Health workers are not highly paid. Since 2010, pay has declined by over 12% in real terms. For many nurses, enhancements for night work and weekends are an essential component of the wage.
Pay and working conditions affect morale and stress and the ability to do the job, which then impact on services to patients. As the Royal College of Midwives wrote recently, “Protecting working conditions is important because midwives’ and maternity support workers’ working conditions are women’s birthing conditions.”

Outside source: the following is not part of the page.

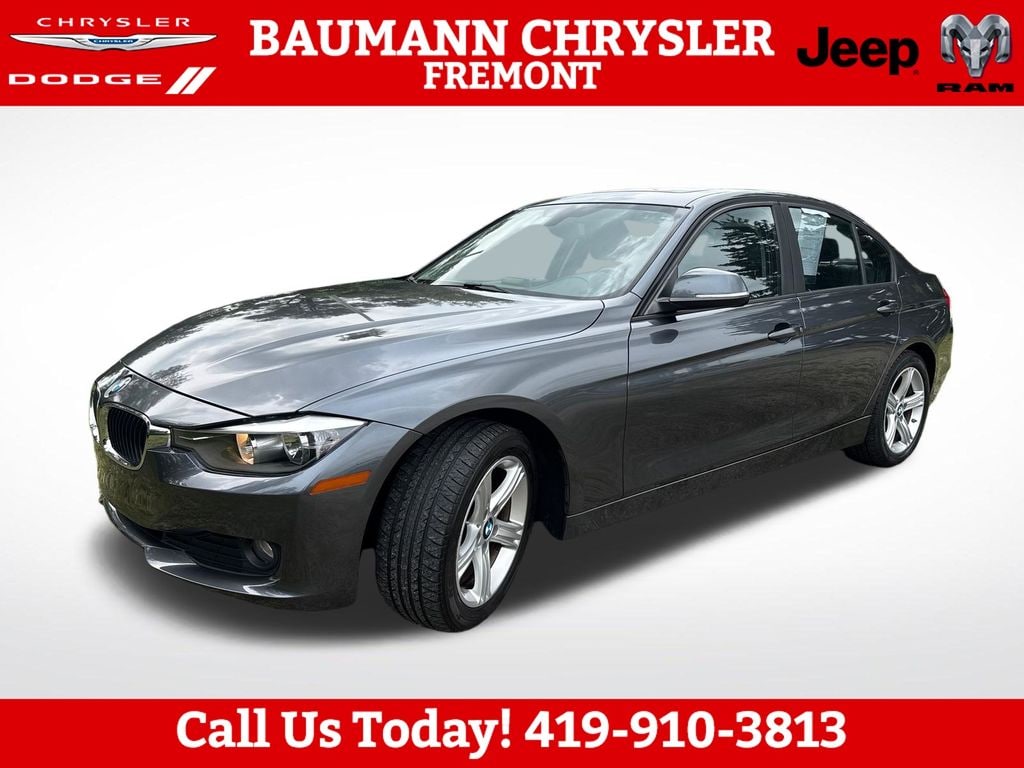 Used 2014 BMW 3 Series 320i with VIN WBA3C3G56ENS71109 for sale in Fremont, OH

The RCM were giving evidence to Parliament on the Trade Union Bill, the second component of the government's agenda. Should the Bill become law, industrial action by health workers would require a 50% turnout with at least 40% of all those eligible to vote, voting “yes”. For example on a 50% turnout, an 80% yes vote would be required. Abstentions would be effectively counted as ‘no’ votes.
Apart from these absurd thresholds, in reality removing the right to strike for health workers, the Bill directly affects safety at work by attacking facility time - paid release for trade union duties - which include health and safety. The Fire Brigades Union pointed out, in written evidence, that this would undermine the Serious Accident Investigations triggered by the death of firefighters on duty, since SAIs are carried out in trade union facility time. Vital health and safety work is also a trade union duty for NHS staff.
Hunt's immediate agenda is a two pronged attack, aiming to confront health workers with a new contract for Junior Doctors and a Trade Union Bill to muzzle any response from the NHS workforce when Agenda for Change comes under attack.
But is any of this really necessary? Even the case for providing the same health service on Sunday as on Tuesday is unproven, with GP pilots being withdrawn for lack of patient interest. No-one else thinks the NHS should be a supermarket. And, if the decision is taken to expand staffing levels at weekends to enable a stronger service, does that require driving down wages and conditions? With billions squandered on procurement, re-disorganisation exercises, and the private finance initiative PFI / PF2, costs directly associated with a healthcare market have escalated. Rolling back the market would save far more than attacking doctors and health workers pay.
The longer term agenda appears to be: make the NHS unworkable, demoralise NHS staff until they emigrate or change careers, and convert the NHS into an insurance scheme, or a basic service which people with money can and will bypass.All of us, healthworkers and patients, should be glad the Junior Doctors are balloting. We don't want medics and other NHS staff forced to work when they're tired, or keeping quiet about problems they notice to protect their performance related pay. We want healthworkers who are strong enough to fight collectively for their pay, their working conditions, and our health service.